Menghafal adalah suatu aktivitas menanamkan suatu materi verbal di dalam ingatan, sehingga dapat memproduksikan (ingatan) kembali secara harfiah sesuai dengan materi yang asli. (Rohmalina Wahab, 2015:22).
Salah satu kompetensi dalam pendidikan adalah menghafal, karena apa yang dipelajari harus diketahui dan dapat dilafalkan sesuai dengan apa yang diterima atau dipelajari.
Menghafal sebagai kata kerja untuk mendapatkan sesuatu maka hasilnya adalah hafalan, dalam hal ini hafalan menjadi tujuan bagi mereka yang melakukan sesuatu agar ia mendapatkan satu kompetensi tertentu. Bahkan hafalan sejak dulu menjadi bagian penting bagaimana seseorang belajar, menghafal akhirnya ia membentuk kepribadian.

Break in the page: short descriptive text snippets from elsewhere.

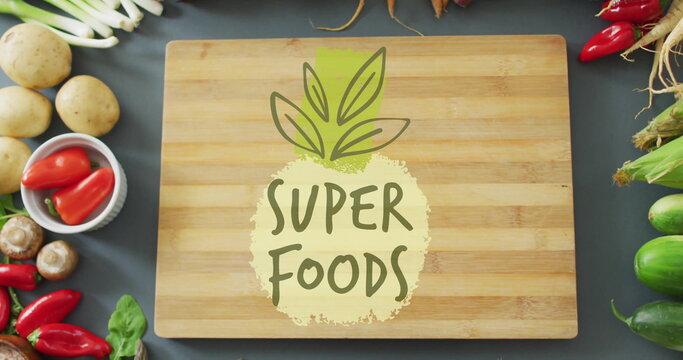 Super Foods text image over wooden cutting board surrounded by fresh vegetables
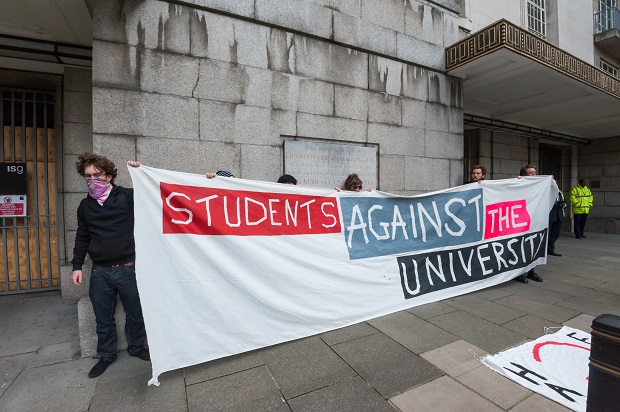 Students defy the protest ban imposed by the University of London to speak out against the privatisation of university support services. (Photo: Peter Marshall/Demotix) 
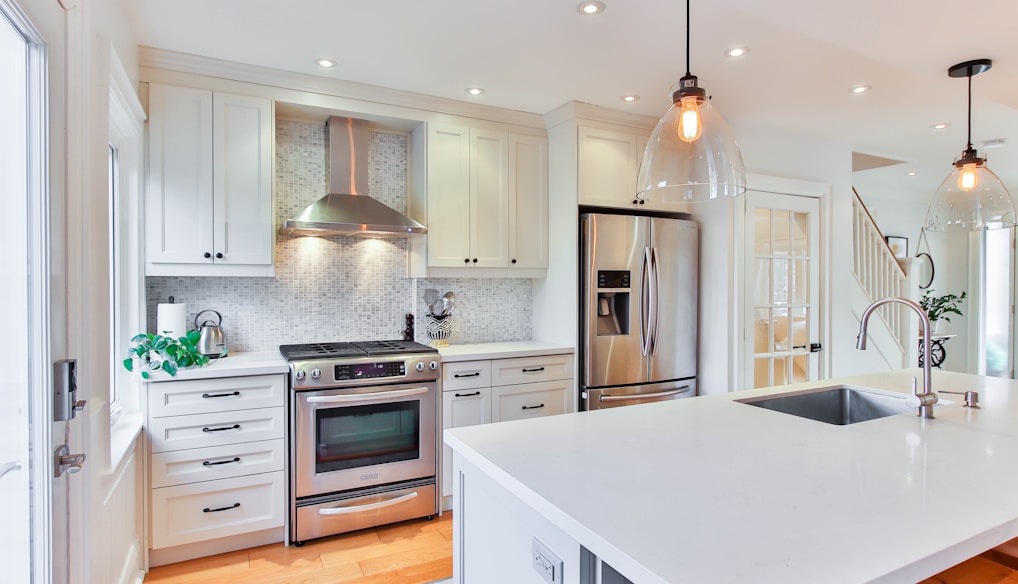 white wooden kitchen cabinet and white kitchen counter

Menurut Rohmalina Wahab, menghafal tidak seperti yang dibayangkan oleh orang awam bahwa membaca kemudian diulang-ulang dan didengarkan ia dapat menyampaikan persis tanpa membaca ulang.
Menghafal memiliki makna lebih dalam dari yang sebenarnya, untuk itu menurut beliau pemaknaan tentang manghafal selalu ada kaitannya dengan strategi pembelajaran, penciptaan suasana atau lingkungan bahkan membentuk kepribadian.

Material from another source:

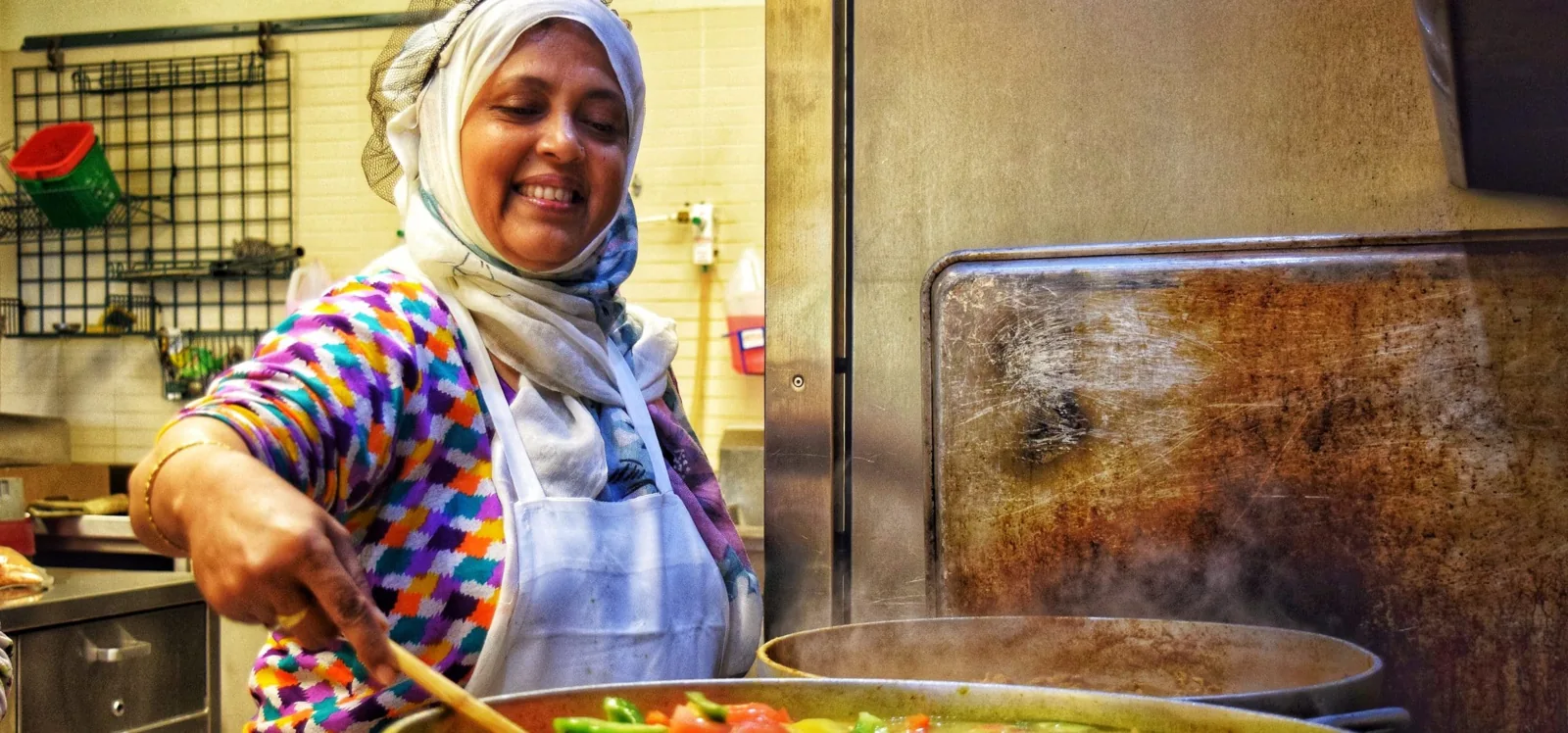 Woman preparing food in a Fred Victor kitchen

Dalam menghafal ada beberapa syarat yang harus diperhatikan, yaitu mengenai tujuan, pengertian, perhatian dan ingatan. Efektif tidaknya dalam menghafal diperanguhi oleh syarat-syarat tersebut.

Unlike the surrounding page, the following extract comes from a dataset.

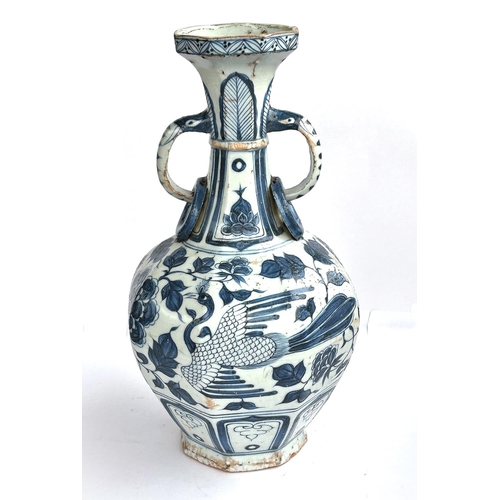 424 - A Chinese blue and white vase in the Yuan manner decorated with birds and double handle, ht. 34cm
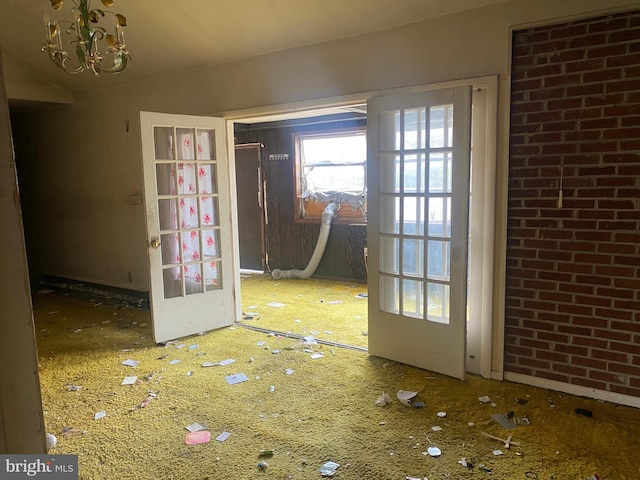 doorway to outside featuring lofted ceiling, a notable chandelier, and brick wall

Ini jelas sangat berbeda orang yang hanya sekadar menghafal untuk mempelajari sesuatu dengan mereka yang menghafal untuk mendapatkan makna atau hikma dari apa yang dipelajarinya. Jadi sebelum menghafal memang harus dipelajari terlebih dahulu apa yang dihafal, bahkan apa kaitannya dengan kehidupan seseorang yang menghafal.
Sedikitnya ada empat hal penting terkait dengan menghafal dalam pembelajaran, yakni sebagai berikut:
Pertama, Menghafal tanpa tujuan menjadi tidak terarah. Seseorang yang melakukan kegiatan menghafal tetapi tidak tahu tujuannya maka ia akan kehilangan arah. Apapun dihafal tetapi tidak ada maknanya dalam kehidupan, boleh jadi bila tujuannya tidak baik, maka selalu tidak mendapat ridha dari yang memiliki ilmu pengetahuan.
Kedua, Menghafal tanpa pengertian menjadi kabur. Sesuatu yang akan dihafal sebaiknya diketahui pengertiannya lebih dalam. Setelah itu maka seseorang akan mengetahui bahwa hal tersebut pantas untuk dihafal dan akan menjadi bagian dari kehidupannya. Inilah yang menjadi kejelasan atau tidak kabur karena mengafal memiliki makna yang lebih dari sekedar membaca ulang.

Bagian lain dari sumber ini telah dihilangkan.